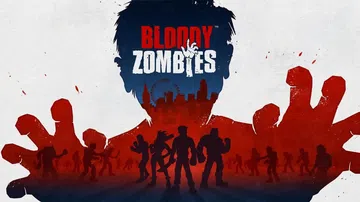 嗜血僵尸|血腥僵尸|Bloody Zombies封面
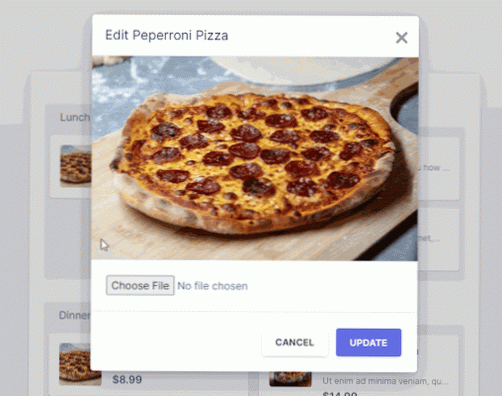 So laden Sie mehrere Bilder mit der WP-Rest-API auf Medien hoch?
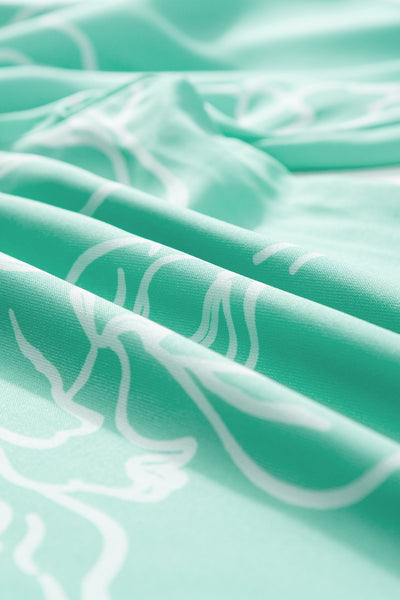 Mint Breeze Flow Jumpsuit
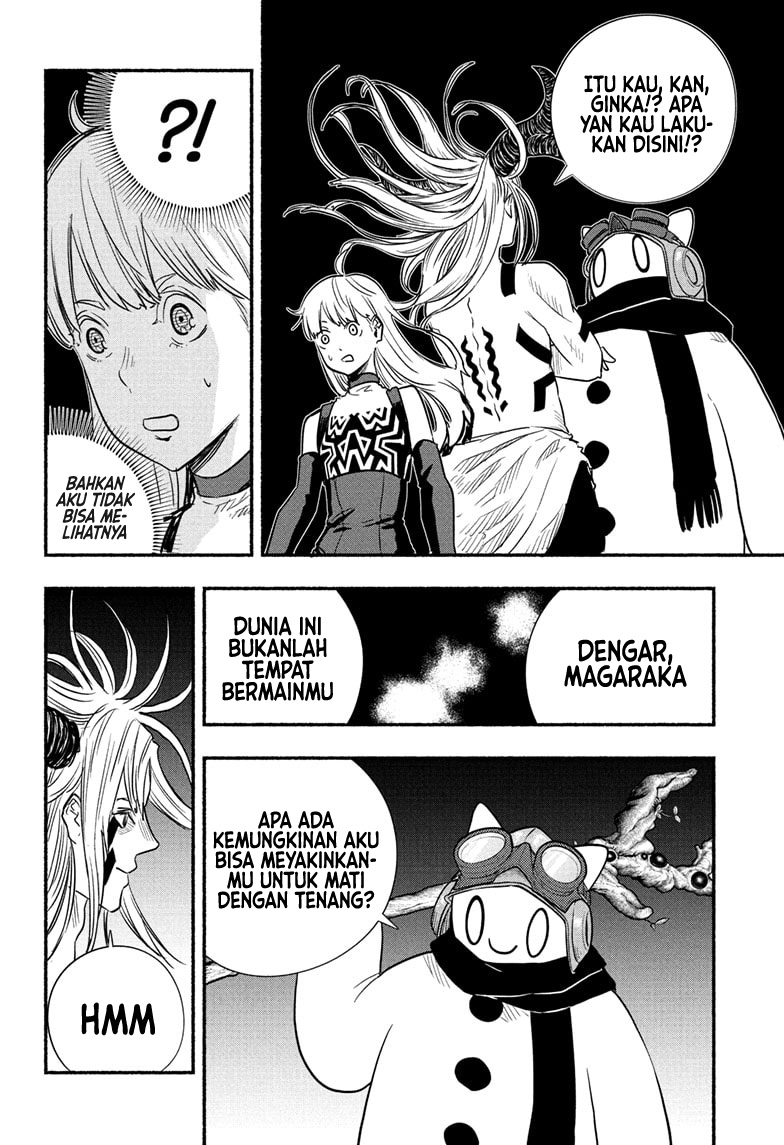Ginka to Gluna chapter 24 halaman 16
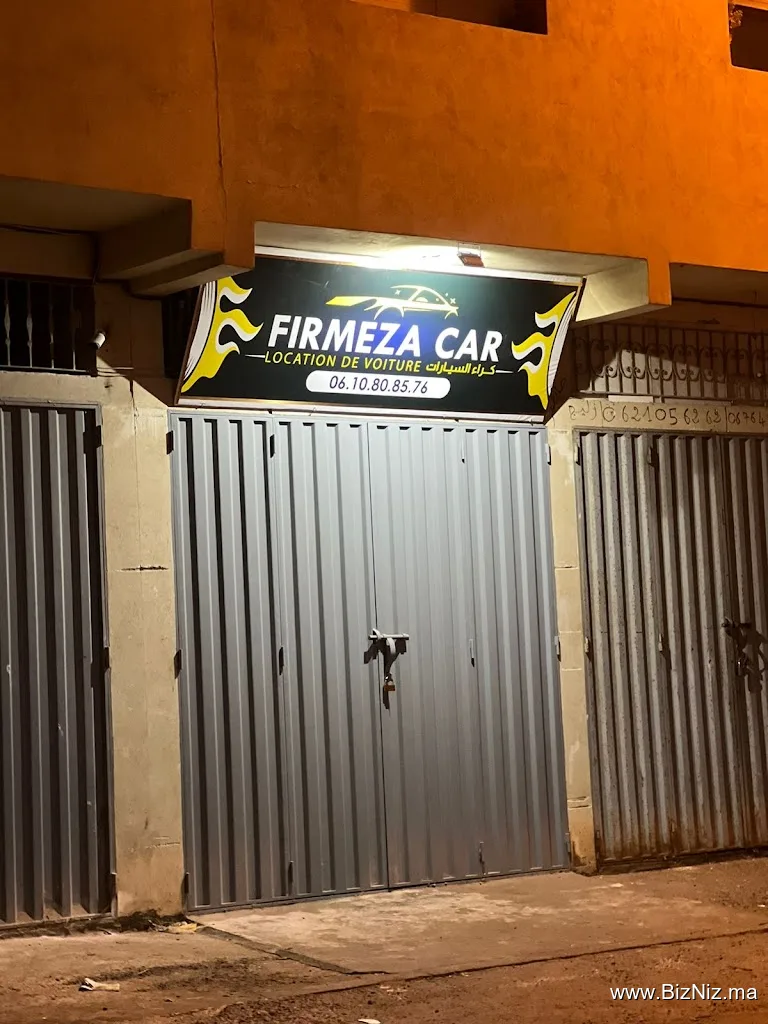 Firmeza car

• _Exercise_
Please hand back every entry above exactly, with no images in the copy.

• _Answer to this task_
 嗜血僵尸|血腥僵尸|Bloody Zombies封面
 So laden Sie mehrere Bilder mit der WP-Rest-API auf Medien hoch?
 Mint Breeze Flow Jumpsuit
Ginka to Gluna chapter 24 halaman 16
 Firmeza car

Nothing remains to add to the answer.